SÃO SILVESTRE





Moldado por uma respiração ritmada que perdurará por todo o filme, São Silvestre mostra em seus primeiros minutos a preparação de atletas para o grande evento do dia 31 de dezembro. Ao redor, sua protagonista, São Paulo. Vazia, cinza, bucólica. Em contraponto, o suor e a pulsação dos corredores se espelharão no que há de vir.

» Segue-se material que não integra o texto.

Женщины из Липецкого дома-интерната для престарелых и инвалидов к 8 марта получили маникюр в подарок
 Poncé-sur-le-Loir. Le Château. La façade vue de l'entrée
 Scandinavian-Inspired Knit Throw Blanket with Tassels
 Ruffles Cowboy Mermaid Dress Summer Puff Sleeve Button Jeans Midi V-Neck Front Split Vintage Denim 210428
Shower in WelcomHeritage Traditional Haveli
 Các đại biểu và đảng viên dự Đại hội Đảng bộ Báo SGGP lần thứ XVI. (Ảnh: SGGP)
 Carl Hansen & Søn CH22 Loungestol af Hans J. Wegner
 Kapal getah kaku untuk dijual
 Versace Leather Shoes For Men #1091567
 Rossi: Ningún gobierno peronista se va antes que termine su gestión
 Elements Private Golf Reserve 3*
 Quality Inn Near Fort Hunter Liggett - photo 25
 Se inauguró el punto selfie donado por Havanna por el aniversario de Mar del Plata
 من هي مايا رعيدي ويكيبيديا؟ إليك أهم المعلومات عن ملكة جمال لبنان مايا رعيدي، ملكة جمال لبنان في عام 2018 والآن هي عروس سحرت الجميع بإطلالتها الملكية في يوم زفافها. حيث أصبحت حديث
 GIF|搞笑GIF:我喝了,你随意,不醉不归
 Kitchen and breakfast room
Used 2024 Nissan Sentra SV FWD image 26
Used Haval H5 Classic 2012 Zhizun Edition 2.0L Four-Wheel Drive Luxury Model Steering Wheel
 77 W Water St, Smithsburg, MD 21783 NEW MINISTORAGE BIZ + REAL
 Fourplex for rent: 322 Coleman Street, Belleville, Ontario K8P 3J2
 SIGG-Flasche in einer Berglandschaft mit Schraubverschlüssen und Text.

O dia seguinte, um dia comum de trabalho mostra o pulso real da megalópole. O baile dos carros, os rostos rotineiros, a tradicional garoa paulistana, o trânsito, tudo está lá em abordagem poética e essencial para o documento de Lina Chamie. São Paulo parece não se importar com o evento, sua rotina é mais importante que qualquer exceção ou pausa de fim de ano. O caos faz parte de sua essência e nele sua identidade se faz. 

Quando, enfim, chegamos à corrida de São Silvestre, a câmera não muda sua função, ou seja, está para a visceralidade e para a poesia. Intercalando momentos destes pilares, São Silvestre busca a beleza no que é dormente, no que é comum, no que os olhos se recusam a ver. O esforço daqueles que correm por diversão e a tensão dos profissionais ganha a mesma importância. A vida ganha foco por suas vias mais importantes, ou seja, as ruas. 

Esta experiência estritamente sensorial é quebrada pela aparição diagonal do ator Fernando Alves Pinto, travestido de corredor. Sua presença frente à câmera remete ao cansaço físico e principalmente emocional que a maratona implica. Fernando balbucia canções e frases enquanto a câmera o engole. E esta quebra de representatividade onde a cidade enfim fica em segundo plano sugere o diálogo entre homem e seu caminho em sua forma literal, onde hoje pouco é notado. Chegar em casa ou no trabalho hoje é sinônimo de continuidade de alguma tarefa com ajuda de aparatos eletrônicos. E há muito deles na maratona, por incrível que pareça.

Portanto São Silvestre avança os limites de registro de um evento característico pela esperança carregada na data em que se realiza. O filme de Lina Chamie é sobre o dia-a-dia, a rotina e sua catarse, onde enfim se toma as ruas, onde se olha para rostos rotineiros, onde os carros estão estacionados e as luzes dos escritórios apagadas. Apenas vida, asfalto e claro, chuva.